§ **Source records**
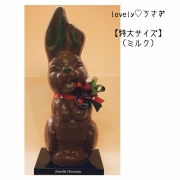 チョコうさぎ 204.jpg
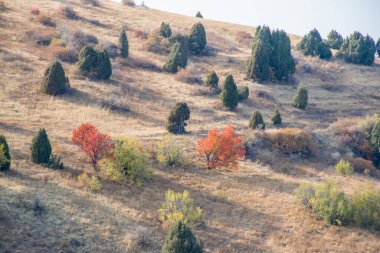 Aksu Kanyonu, Şilimkent yakınlarındaki Kazakistan Cumhuriyeti 'nin güneyindeki Aksu-Zhabagly Doğa Koruma Alanı..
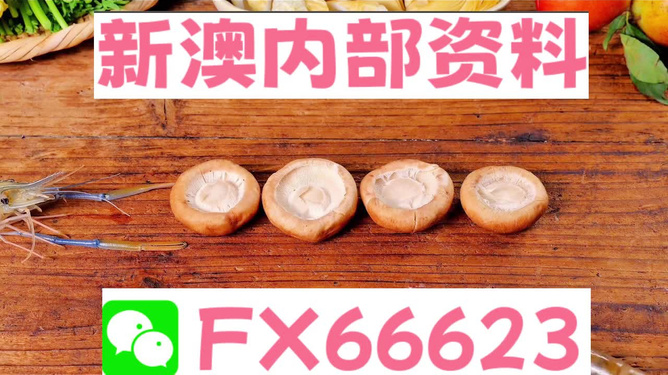 新澳正版資料免費(fèi)提供，助力學(xué)習(xí)成長，新澳正版資料助力學(xué)習(xí)成長之路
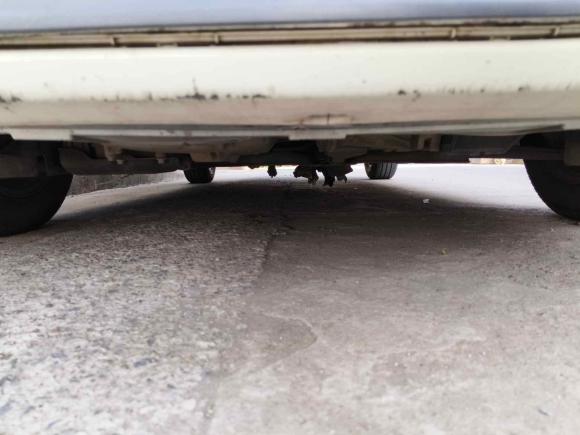 [芜湖·皖B] 二手福特福克斯2013款 两厢经典 1.8L 手动基本型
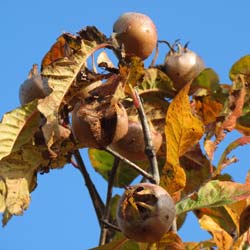 Néflier commun / Mespilus germanica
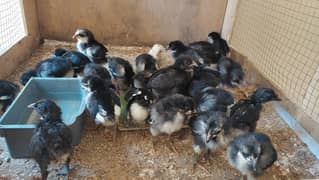 Australorp Chicks | Golden Misri Chicks | Desi Chicks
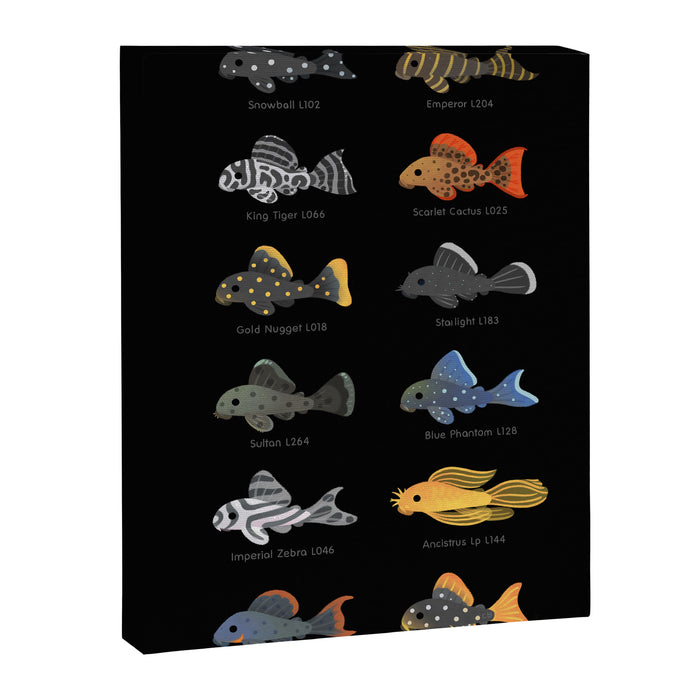 Pleco! Canvas Print Gallery Image 1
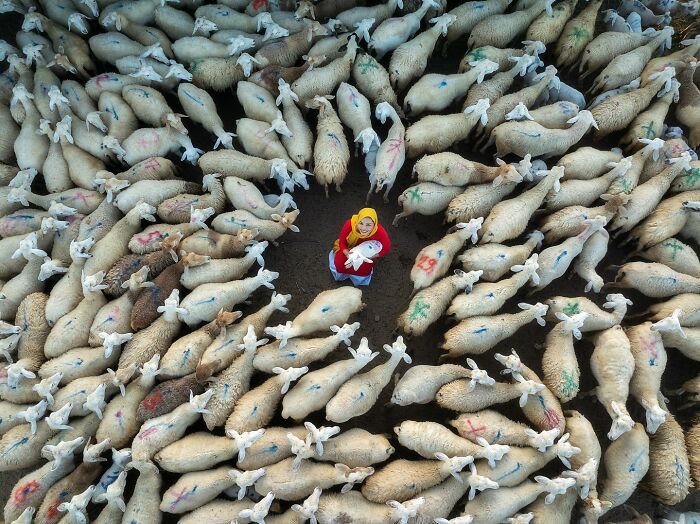 Woman in yellow headscarf holding a lamb surrounded by a large flock of sheep in an Asian rural setting, capturing the soul of Asia.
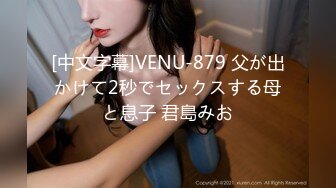 [中文字幕]VENU-879 父が出かけて2秒でセックスする母と息子 君島みお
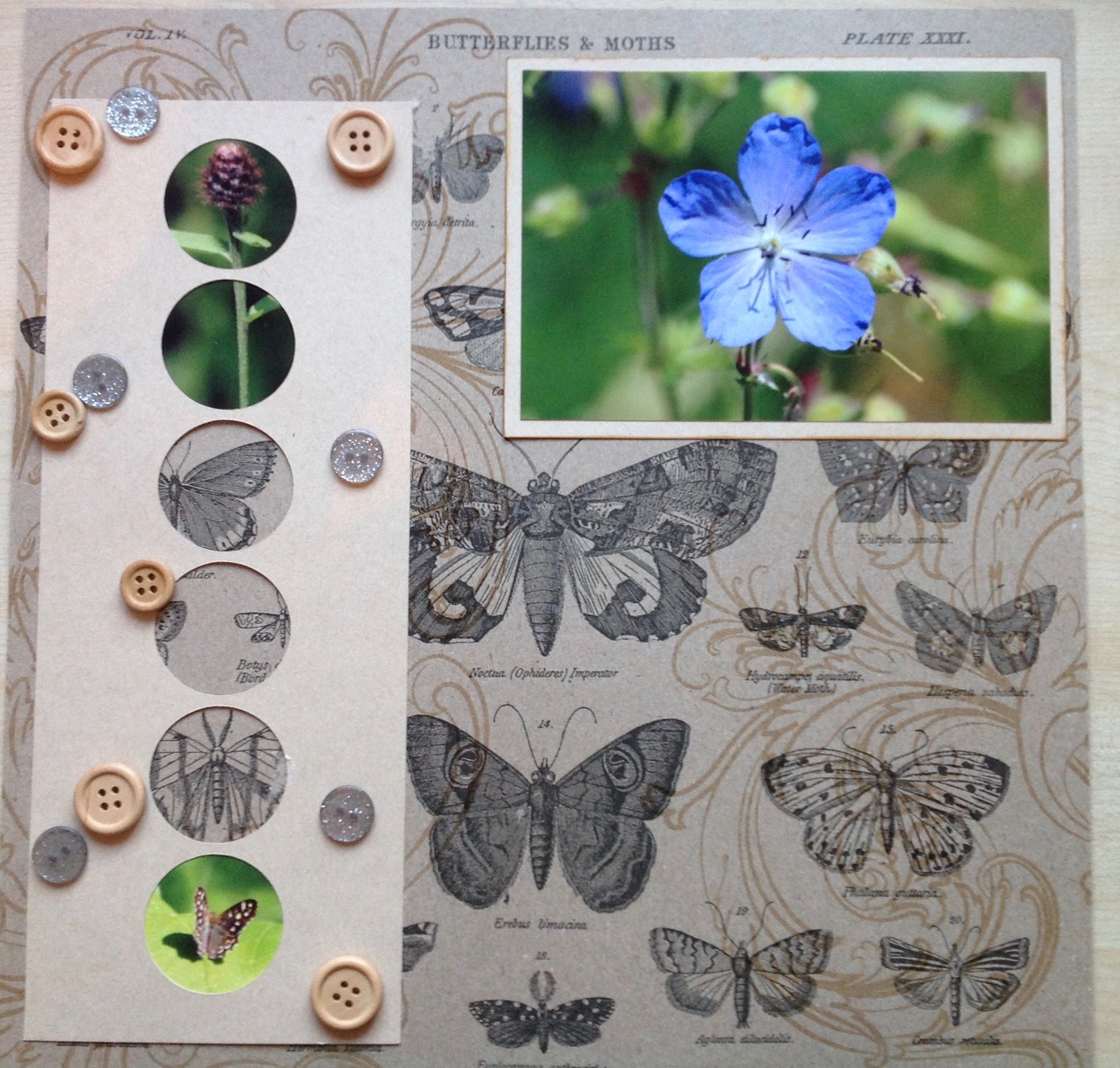 ShimelleWeekend - 1 (7)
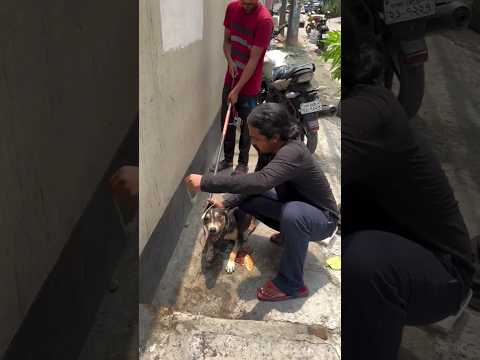 Stray dog treatment #rescuedog #shorts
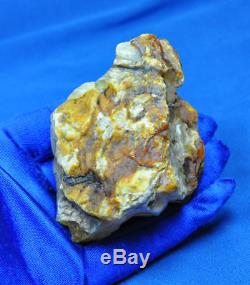 68.07gr. Huge Big Real Natural Genuine Antique White Bone Baltic Amber Bernstein
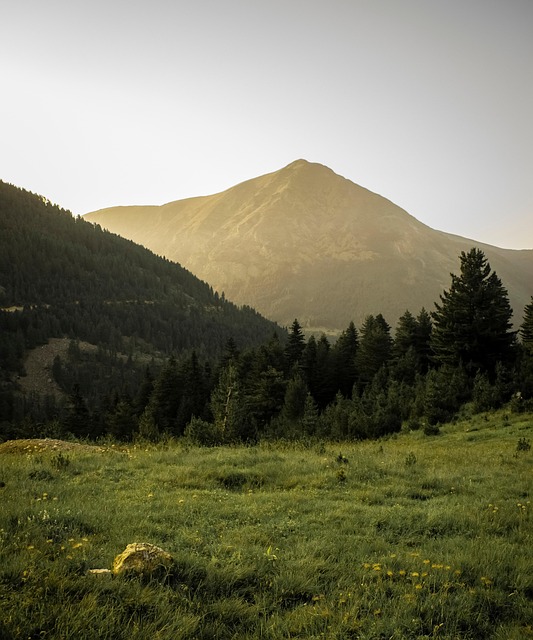 Mapleton Hill Kaiser Psychologist: Guide Your Mental Wellbeing Journey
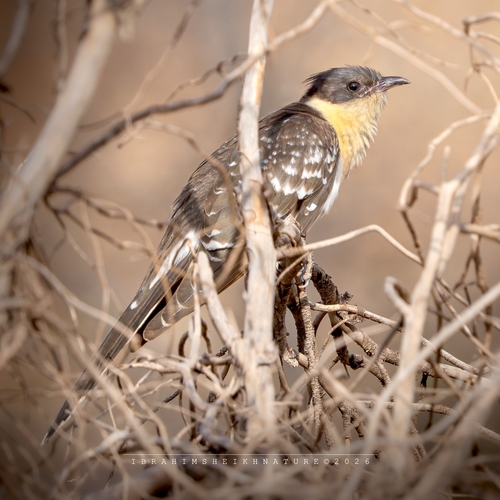 Great Spotted Cuckoo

§ **What is required**
The answer must be an exact reproduction of the records, with every picture left out.

§ **Written response**
 チョコうさぎ 204.jpg
 Aksu Kanyonu, Şilimkent yakınlarındaki Kazakistan Cumhuriyeti 'nin güneyindeki Aksu-Zhabagly Doğa Koruma Alanı..
 新澳正版資料免費(fèi)提供，助力學(xué)習(xí)成長，新澳正版資料助力學(xué)習(xí)成長之路
 [芜湖·皖B] 二手福特福克斯2013款 两厢经典 1.8L 手动基本型
 Néflier commun / Mespilus germanica
 Australorp Chicks | Golden Misri Chicks | Desi Chicks
 Pleco! Canvas Print Gallery Image 1
 Woman in yellow headscarf holding a lamb surrounded by a large flock of sheep in an Asian rural setting, capturing the soul of Asia.
 [中文字幕]VENU-879 父が出かけて2秒でセックスする母と息子 君島みお
 ShimelleWeekend - 1 (7)
 Stray dog treatment #rescuedog #shorts
 68.07gr. Huge Big Real Natural Genuine Antique White Bone Baltic Amber Bernstein
 Mapleton Hill Kaiser Psychologist: Guide Your Mental Wellbeing Journey
 Great Spotted Cuckoo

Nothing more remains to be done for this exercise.